Part I — My personal connection with Dilip-da
Dilip-da's compassion for a young poetI am starting with my first contact with Dilip-da. At the Sri Aurobindo Ashram, I had four or five English teachers. The name of my very first English teacher was Rani Maitri. She was a very close friend of my sister Lily. My sister studied privately with her and I studied in the school.
Rani Maitri was full of affection and compassion. She heard from my sister Lily that I had started writing poems. Sisters always take tremendous pride in their brothers' achievements. Unfortunately, brothers do not take as much pride in their sisters' achievements!
Anyway, my sister showed one of my notebooks to my teacher. It was a thick notebook and it contained about a hundred of my Bengali poems. Rani-di was very pleased with the poems. She happened to be a cousin of Dilip Roy. They were very close to one another. So she took my notebook to Dilip-da. Dilip-da most compassionately read the poems and wrote two lines in Bengali about them. His comment was that some poems were fine, others were good and a few were very good. I shall forever and forever treasure Dilip-da's blessingful encouragement.

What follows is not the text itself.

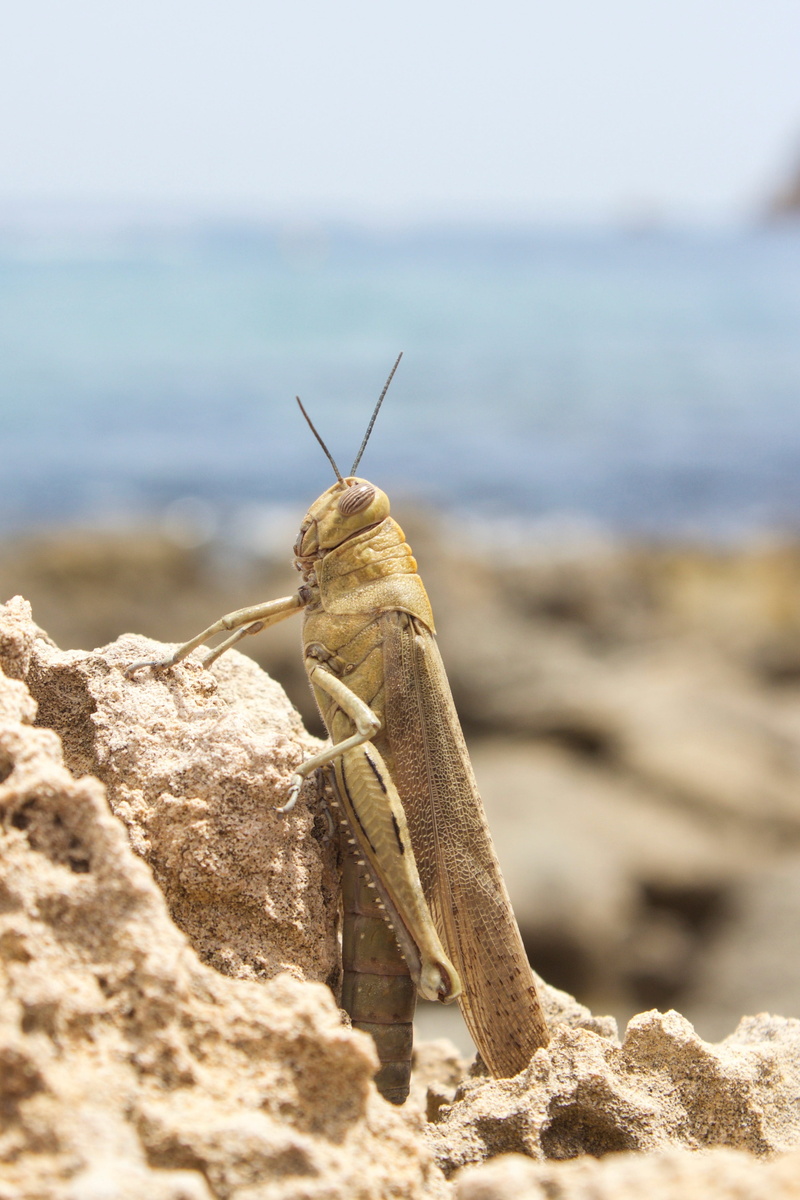 bug, day, wild, invertebrate, animal themes, selective focus, one animal, Spain, animals in the wild, close-up, animal antenna, Locust, 4K, brown, hopper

I was so surprised that he had gone through all the poems. Who was I? A silly little boy in the Ashram! This incident occurred around 1946, when I was thirteen or fourteen years old. Dilip-da was at that time forty-nine.
Dilip-da found a mistake in my poems and he made the correction in his own handwriting. When a peacock has not raised all its plumes, one particular verb is used to describe it. Then, when it looks so beautiful with its plumage outspread, a different verb is used. Poor me, I did not know that was the case. So Dilip-da cancelled the verb I had used and wrote in the correct verb. Plus he put an exclamation mark after it! I should have shown this poem to my brother Chitta or to my Bengali teacher first. They would have corrected it.
This experience was nothing other than Dilip-da's boundless affection and compassion for a young Ashram boy.